Data extract

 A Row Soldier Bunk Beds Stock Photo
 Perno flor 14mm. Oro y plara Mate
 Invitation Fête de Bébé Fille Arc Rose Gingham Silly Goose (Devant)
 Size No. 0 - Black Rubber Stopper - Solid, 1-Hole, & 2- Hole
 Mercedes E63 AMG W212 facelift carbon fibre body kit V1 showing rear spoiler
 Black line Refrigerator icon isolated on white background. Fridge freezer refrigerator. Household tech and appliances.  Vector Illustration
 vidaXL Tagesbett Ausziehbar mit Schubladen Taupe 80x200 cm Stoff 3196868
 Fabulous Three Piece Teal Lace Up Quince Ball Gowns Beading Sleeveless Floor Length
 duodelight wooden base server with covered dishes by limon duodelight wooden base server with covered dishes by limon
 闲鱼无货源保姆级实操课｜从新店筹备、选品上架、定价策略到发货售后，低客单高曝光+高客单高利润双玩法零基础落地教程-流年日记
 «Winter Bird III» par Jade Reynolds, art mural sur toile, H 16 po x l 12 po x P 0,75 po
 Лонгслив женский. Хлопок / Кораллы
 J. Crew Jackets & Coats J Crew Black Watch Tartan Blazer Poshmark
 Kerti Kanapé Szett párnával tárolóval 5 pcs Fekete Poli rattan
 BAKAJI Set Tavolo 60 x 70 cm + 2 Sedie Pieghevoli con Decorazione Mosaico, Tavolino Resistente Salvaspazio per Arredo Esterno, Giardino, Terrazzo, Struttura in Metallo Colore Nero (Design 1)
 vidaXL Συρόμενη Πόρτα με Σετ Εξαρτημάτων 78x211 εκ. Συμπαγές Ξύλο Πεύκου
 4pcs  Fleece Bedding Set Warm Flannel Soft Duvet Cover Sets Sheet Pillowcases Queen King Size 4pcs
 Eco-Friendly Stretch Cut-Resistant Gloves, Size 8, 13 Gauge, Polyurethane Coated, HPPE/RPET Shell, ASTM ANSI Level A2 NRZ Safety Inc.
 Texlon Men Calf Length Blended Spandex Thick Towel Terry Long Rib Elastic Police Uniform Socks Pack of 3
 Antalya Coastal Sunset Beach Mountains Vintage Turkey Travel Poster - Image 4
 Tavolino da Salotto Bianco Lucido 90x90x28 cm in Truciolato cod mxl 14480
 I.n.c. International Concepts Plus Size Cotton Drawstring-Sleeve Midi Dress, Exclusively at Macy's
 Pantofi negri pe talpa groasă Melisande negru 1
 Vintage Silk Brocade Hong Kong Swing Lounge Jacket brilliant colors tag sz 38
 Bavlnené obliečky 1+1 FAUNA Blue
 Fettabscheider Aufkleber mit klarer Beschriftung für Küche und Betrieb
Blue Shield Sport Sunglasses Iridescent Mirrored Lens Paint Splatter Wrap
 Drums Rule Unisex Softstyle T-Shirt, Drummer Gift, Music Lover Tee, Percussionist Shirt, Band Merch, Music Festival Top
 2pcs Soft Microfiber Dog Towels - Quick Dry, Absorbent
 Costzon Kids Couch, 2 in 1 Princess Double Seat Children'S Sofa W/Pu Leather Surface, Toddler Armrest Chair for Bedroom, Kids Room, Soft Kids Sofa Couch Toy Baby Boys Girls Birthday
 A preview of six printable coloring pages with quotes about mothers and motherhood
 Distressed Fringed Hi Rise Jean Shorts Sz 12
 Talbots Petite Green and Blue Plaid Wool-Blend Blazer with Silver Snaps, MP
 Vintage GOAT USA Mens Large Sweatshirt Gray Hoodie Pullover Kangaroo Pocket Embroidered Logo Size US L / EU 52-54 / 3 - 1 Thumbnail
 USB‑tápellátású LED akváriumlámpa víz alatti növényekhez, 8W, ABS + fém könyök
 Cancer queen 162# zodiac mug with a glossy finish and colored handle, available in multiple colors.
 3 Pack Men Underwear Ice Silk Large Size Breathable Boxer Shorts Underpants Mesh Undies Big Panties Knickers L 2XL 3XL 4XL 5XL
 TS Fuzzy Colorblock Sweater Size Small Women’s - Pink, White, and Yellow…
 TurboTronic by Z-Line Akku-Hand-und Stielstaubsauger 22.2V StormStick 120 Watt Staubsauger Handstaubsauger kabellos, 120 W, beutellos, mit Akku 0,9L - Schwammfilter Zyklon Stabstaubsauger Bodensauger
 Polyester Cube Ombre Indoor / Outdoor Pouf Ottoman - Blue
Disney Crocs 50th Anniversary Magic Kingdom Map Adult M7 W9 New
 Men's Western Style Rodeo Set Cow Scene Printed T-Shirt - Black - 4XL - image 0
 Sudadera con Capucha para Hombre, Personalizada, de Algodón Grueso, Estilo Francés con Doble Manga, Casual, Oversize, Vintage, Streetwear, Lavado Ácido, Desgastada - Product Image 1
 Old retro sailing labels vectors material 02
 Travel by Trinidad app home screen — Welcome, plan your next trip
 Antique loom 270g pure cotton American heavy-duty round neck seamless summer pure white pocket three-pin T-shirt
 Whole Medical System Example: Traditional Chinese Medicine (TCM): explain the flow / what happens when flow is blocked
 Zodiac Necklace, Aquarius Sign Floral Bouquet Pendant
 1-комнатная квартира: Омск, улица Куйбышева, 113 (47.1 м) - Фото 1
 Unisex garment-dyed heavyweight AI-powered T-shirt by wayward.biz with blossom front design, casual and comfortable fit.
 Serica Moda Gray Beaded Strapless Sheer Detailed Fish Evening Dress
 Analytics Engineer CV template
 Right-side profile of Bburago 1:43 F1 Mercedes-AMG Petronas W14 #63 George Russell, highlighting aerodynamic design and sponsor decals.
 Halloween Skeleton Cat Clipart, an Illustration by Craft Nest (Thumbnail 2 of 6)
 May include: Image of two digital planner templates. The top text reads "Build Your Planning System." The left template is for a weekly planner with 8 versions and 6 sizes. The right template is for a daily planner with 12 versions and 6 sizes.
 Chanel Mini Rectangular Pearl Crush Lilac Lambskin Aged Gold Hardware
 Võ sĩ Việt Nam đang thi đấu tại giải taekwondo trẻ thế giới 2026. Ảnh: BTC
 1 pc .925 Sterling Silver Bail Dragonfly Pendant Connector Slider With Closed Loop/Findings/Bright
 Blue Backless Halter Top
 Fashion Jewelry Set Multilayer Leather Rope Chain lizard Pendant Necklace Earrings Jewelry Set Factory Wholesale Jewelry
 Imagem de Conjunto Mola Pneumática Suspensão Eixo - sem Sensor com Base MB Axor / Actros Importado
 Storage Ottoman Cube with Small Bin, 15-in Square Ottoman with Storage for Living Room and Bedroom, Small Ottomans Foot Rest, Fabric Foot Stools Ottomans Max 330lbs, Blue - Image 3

Task instructions
From the entries above, extract only the lines running from the one containing "Cancer queen 162#" through the one containing "Analytics Engineer CV template", inclusive.

Solution
 Cancer queen 162# zodiac mug with a glossy finish and colored handle, available in multiple colors.
 3 Pack Men Underwear Ice Silk Large Size Breathable Boxer Shorts Underpants Mesh Undies Big Panties Knickers L 2XL 3XL 4XL 5XL
 TS Fuzzy Colorblock Sweater Size Small Women’s - Pink, White, and Yellow…
 TurboTronic by Z-Line Akku-Hand-und Stielstaubsauger 22.2V StormStick 120 Watt Staubsauger Handstaubsauger kabellos, 120 W, beutellos, mit Akku 0,9L - Schwammfilter Zyklon Stabstaubsauger Bodensauger
 Polyester Cube Ombre Indoor / Outdoor Pouf Ottoman - Blue
Disney Crocs 50th Anniversary Magic Kingdom Map Adult M7 W9 New
 Men's Western Style Rodeo Set Cow Scene Printed T-Shirt - Black - 4XL - image 0
 Sudadera con Capucha para Hombre, Personalizada, de Algodón Grueso, Estilo Francés con Doble Manga, Casual, Oversize, Vintage, Streetwear, Lavado Ácido, Desgastada - Product Image 1
 Old retro sailing labels vectors material 02
 Travel by Trinidad app home screen — Welcome, plan your next trip
 Antique loom 270g pure cotton American heavy-duty round neck seamless summer pure white pocket three-pin T-shirt
 Whole Medical System Example: Traditional Chinese Medicine (TCM): explain the flow / what happens when flow is blocked
 Zodiac Necklace, Aquarius Sign Floral Bouquet Pendant
 1-комнатная квартира: Омск, улица Куйбышева, 113 (47.1 м) - Фото 1
 Unisex garment-dyed heavyweight AI-powered T-shirt by wayward.biz with blossom front design, casual and comfortable fit.
 Serica Moda Gray Beaded Strapless Sheer Detailed Fish Evening Dress
 Analytics Engineer CV template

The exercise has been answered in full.